On peut dire que, depuis bien longtemps, en Europe, il n’y a plus d’évolution de la politique intérieure qui puisse se dissocier de l’évolution de la politique internationale. C’est ainsi, par exemple, que la date la plus importante de l’histoire de France, depuis 1945, est la même que pour l’Allemagne : c’est l’échec de la Conférence de Moscou, en mars-avril 1947. Elle a marqué, pour la France, le départ des communistes du pouvoir quelques semaines plus tard et, pour l’Allemagne, la séparation progressive en Allemagne orientale et en Allemagne occidentale.

Les répercussions de la politique internationale sur la politique intérieure peuvent être de tous ordres. Par exemple, des répercussions immédiates s’exercent sur l’économie et sur les structures sociales intérieures à la suite d’une conjoncture de réarmement et de coupure du monde en deux. Un autre aspect que nous signalons pour ne plus y revenir, c’est l’intervention directe d’un pays étranger ; ceci est particulièrement sensible en Allemagne. Voici un récent exemple : 15 millions de Deutschmarks vont être « prêtés » à la presse allemande, théoriquement pour améliorer ses conditions d’exploitation ; 33 journaux allemands vont recevoir de ces subsides d’outre-Atlantique : la Franckfurter Rundschau est en tête avec 1,6 millions de marks, sans doute parce qu’elle est très liée avec M. Kempner, l’accusateur général à Nuremberg ; la petite Vœlkische Zeitung vient en queue de liste, avec simplement 50 000 marks. Il s’agit bien d’une influence « internationale » sur la politique intérieure.
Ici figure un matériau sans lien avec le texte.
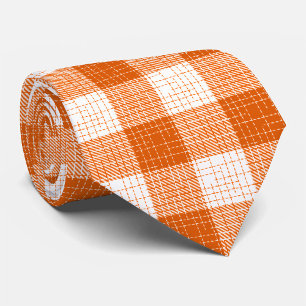 Corbata Diseño de cuadros audaces a cuadros naranjas y bla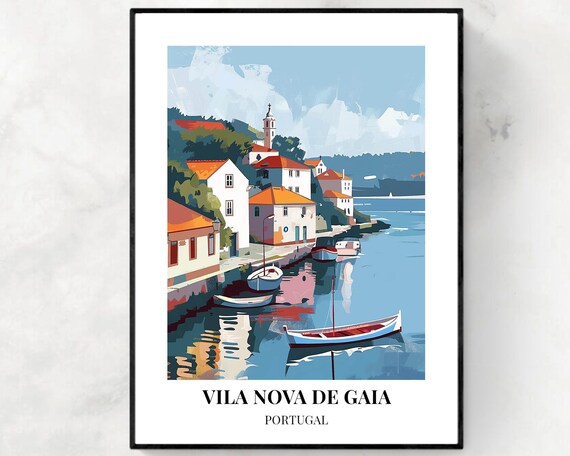 Vila Nova de Gaia Portugal Riverside Village Boats Daytime Travel Poster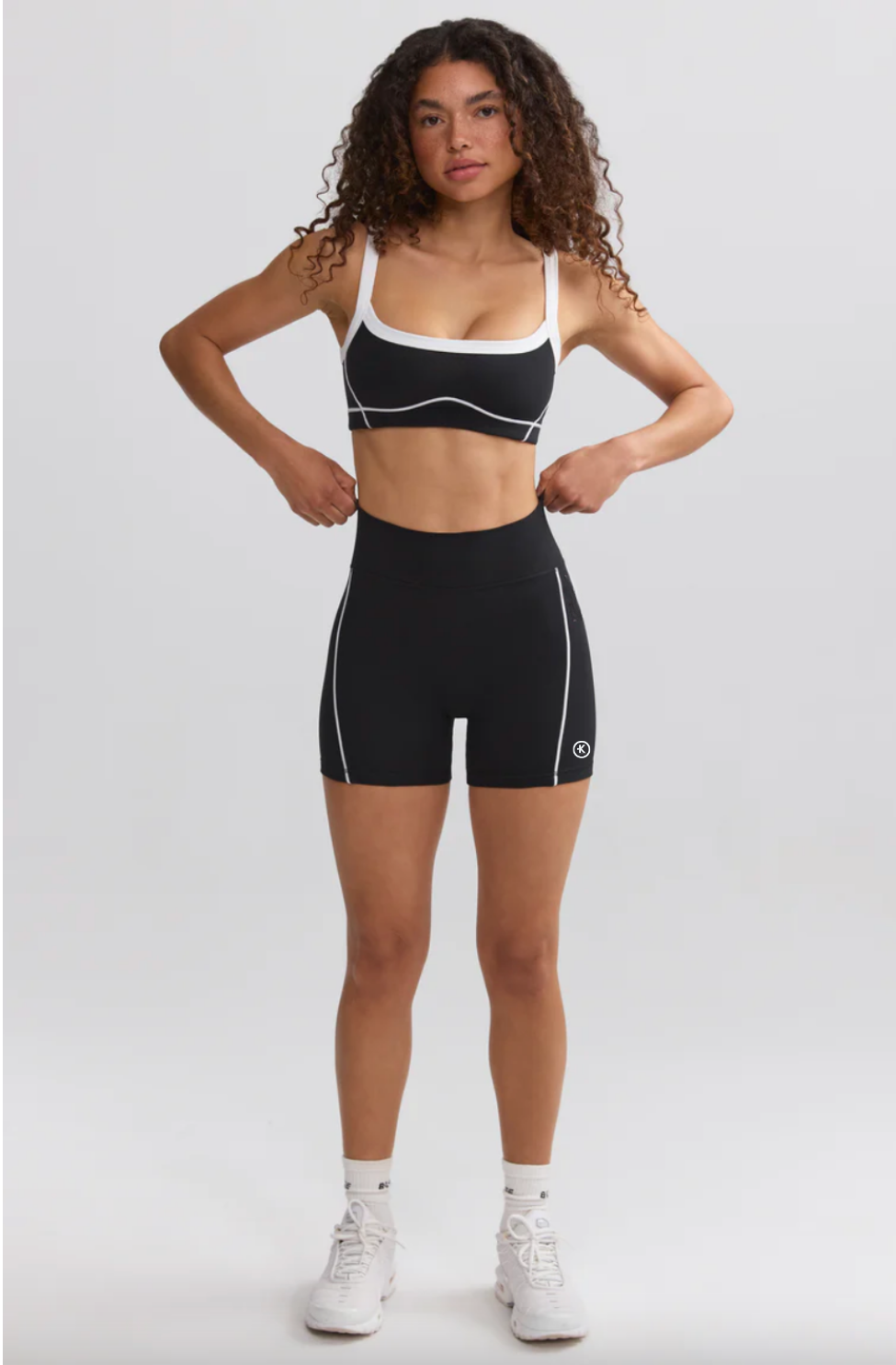 I Am Very Mindful Soft Active Contrast-Trim Sports Bra in Black PREORDER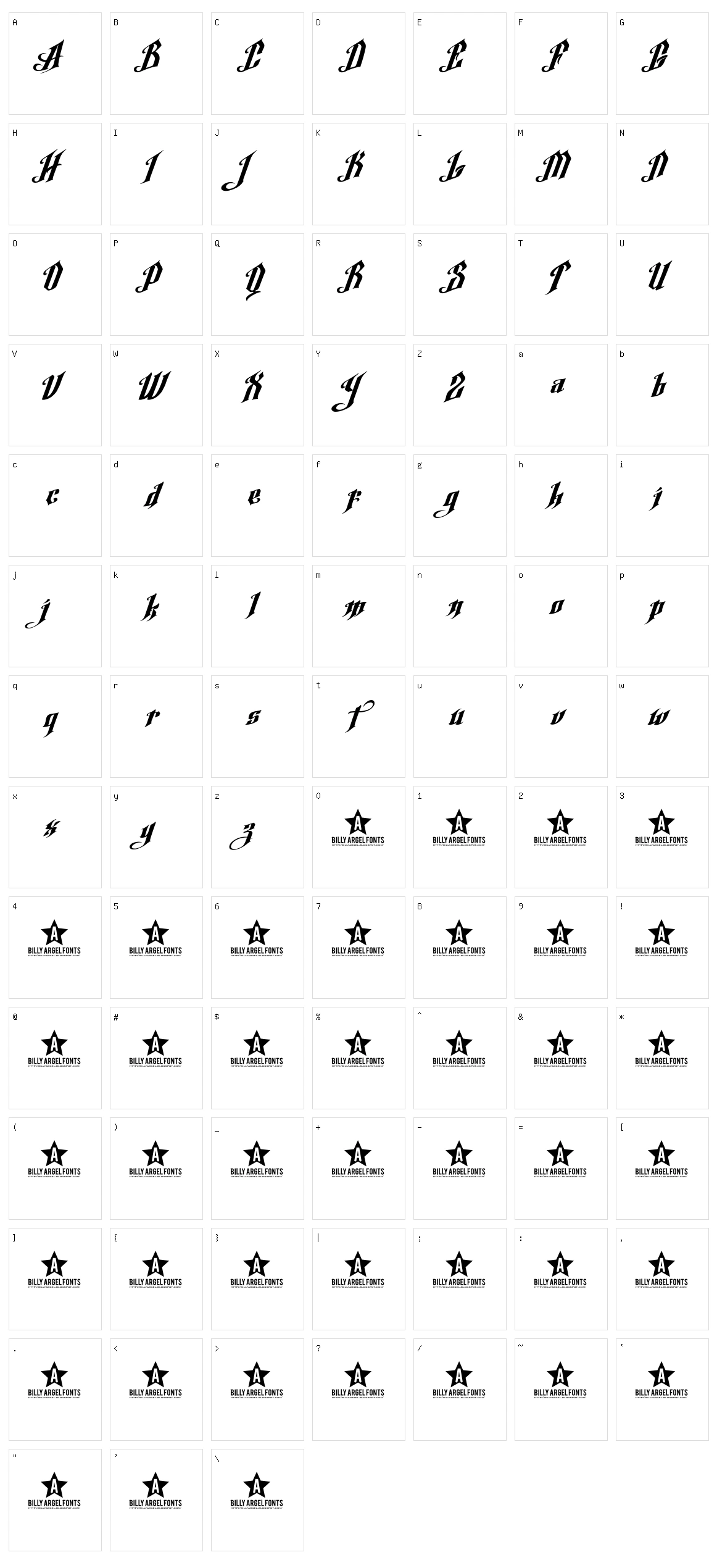 Argel Font Character Set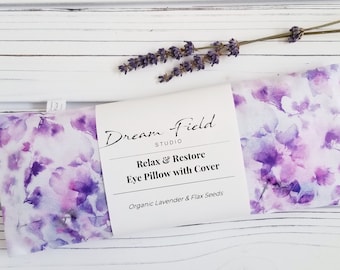 Lavender Eye Pillow with Washable Cover, Flax Seed Weighted Sleep Mask, Gift for Her, Violet Haze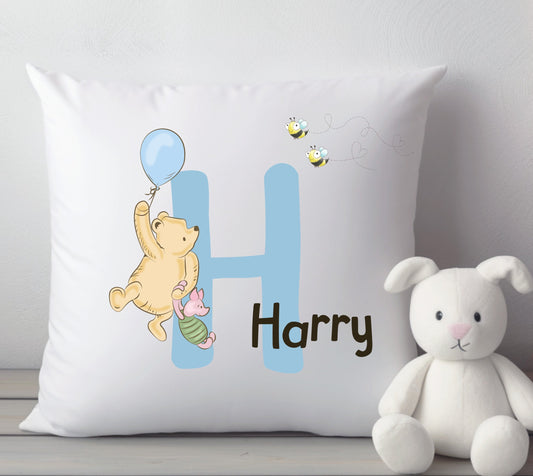 Blue Letter Design Pooh Bear and Balloon Nursery Cushion Set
En revanche, on peut citer des cas où la politique intérieure influe sur le développement de la politique internationale. C’est ainsi que la résistance allemande au réarmement (et la résistance française également) a eu une répercussion profonde sur les négociations entre Alliés.

Il y a interpénétration de ces problèmes. Ceux-ci sont nombreux et forment un mélange inextricable où l’on a peine à voir clair : évolution intérieure allemande ; rapports franco-allemands ; rapports de l’Europe et de l’Amérique, de l’Amérique et de l’U. R. S. S. ; problème de l’unité, problème du réarmement — tous deux inséparables du problème des réfugiés allemands ; problème des débouchés économiques de l’Allemagne et de la stabilité économique européenne. On peut, en tout cas, tenter d’y apporter quelque lumière. Cela est d’autant plus nécessaire que, dans l’ensemble, le public français manque de moyens d’information sur l’Allemagne et sur la politique internationale en général [1].

[1] La presse française est à peu près dépourvue, en Allemagne, de correspondants permanents sérieux, à une exception près. Si on cherche, parmi les quotidiens, celui qui publie une information régulière comprenant le texte des documents les plus importants concernant l’Allemagne, il faut avoir recours au New York Times.